During the Dictatorship, there were initiatives to preserve folk music. The relentless work of Faustino Santalices, a bagpiper and a key figure in reviving the hurdy-gurdy, materialised in the foundation in 1951 of an influential workshop and school of Galician instruments. Groups and societies mainly devoted to singing and dancing were also crucial. Women played a vital role in these groups and the first female pipe band in Galicia dates from these years: the Grupo Saudade [nostalgia], active between 1961 and 1966. The bagpipe also adapted to the new times. A timid mass production and the use of new materials were behind a crucial structural change: the bag was no longer made from goat’s skin but from a cheap synthetic material. After several years, it was obvious to everyone that other materials needed to be found. Among their many contributions to the world of piping making, Antón Corral and Xosé Seivane, two fundamental names in the history of Galician folk music, made great efforts to make tempered gaitas and to broaden the range of keys. Symbolically many bagpipers starting holding the instrument differently: instead of putting the bass drone over the shoulder looking up, they put it completely horizontal to the ground, in a less conspicuous form. The bagpipes quartets continued livening up the popular festas but they no longer appeared in the posters under their own name but under the generic grupo de gaitas [bagpipe band] and they became the supporting act.

There were bands and groups who succeeded in maintaining the dignity of traditional Galician music and transmitting it to new generations who had to take over that responsibility in the years of transition to Democracy, from 1975 onwards, but it was far from easy to reconcile the ideas about the bagpipe as an instrument from the past with those that associated it with the promotion of folk music by Franco’s régime. Nando Casal and Xosé Ferreirós, the bagpipers from Milladoiro, a key band in the Galician Folk Revival of the late 1970s and early 1980s, alluded to the different meanings of the traditional bagpiper when they said: ‘we were on dangerous ground, we were people who also fought for freedom, politically committed, but who also wore the traditional bagpiper dress, which was seen as folkloric in the worst meaning of the word, and many liberals were not able to understand our role’.
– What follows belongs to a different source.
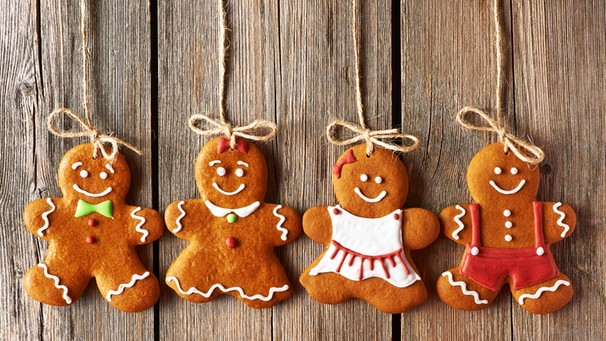 Lebkuchenmännchen auf einem Holzuntergrund. Um das klassisch-köstliche Weihnachtsgebäck ranken sich viele bunte Geschichten. Eine der glaubwürdigsten: Der Lebkuchen soll angeblich aus Not entstanden sein, weil Mehl fehlte.  | Bild: stock.adobe.com/haveseen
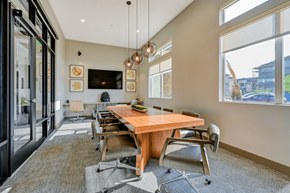 St. George apartment for rent - a large conference room with a beautiful wooden table and chairs at Brookfield Apartments for rent in St. George, UT. d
The gaita has been a common presence at institutional events since the sixteenth century but, since the creation of the autonomous government in the early 1980s, it has become a contested political symbol at the inauguration days of the President of the Galician government. The tunes played are always the same, the March of the Old Kingdom of Galicia, the Galician Anthem and Muiñeira of Ponte Sampaio, being among the most important, but the number of pipers and their formation are political statements. In 1990, at the first inauguration of the conservative Manuel Fraga Iribarne, there were 1,500 pipers and, in 2001, after 11 years in power, there were 6,000, some of them from the Diaspora. The following president, from the socialist party, promised to avoid such extravagant statements and organised an inauguration day that was a metaphor of the political change: there was a single piper playing with a symphony orchestra. In other words, instead of promoting a martial Scottish-like piping formation, the new administration went back to the piper as a soloist, a mediator between the essence of the rural nation and classical music.

Yet the bagpipe has also been a key instrument in political protest. In 1995 the folk-rock band, Os Diplomáticos de Monte Alto [The Diplomats of Monte Alto], released their single ‘¡Eu quero ser gaiteiro!’ [I want to be a bagpiper!], which has become a war cry of sorts. In the words, several people including an Anarchist leader, Bakunin; the left-wing Portuguese musician, Zeca Afonso; a football coach, Arsenio Iglesias; and a mother are described as ‘gaiteiro/a’, meaning ‘hero’. A good example of this use of the instrument was the Marea Gaiteira [Pipers’ Tide], organised in 2002, as a political protest for the government’s mismanagement of the ecological disaster caused by the spillage of the oil tanker Prestige. More than 20,000 people attended this march and the bagpipe and the many pipers who attended were used as symbols of an empowered Galician community. Another example is the Piper Pussy Riot from the 2010 Women’s March where the image of a female bagpiper was used to protest in favour of women’s rights.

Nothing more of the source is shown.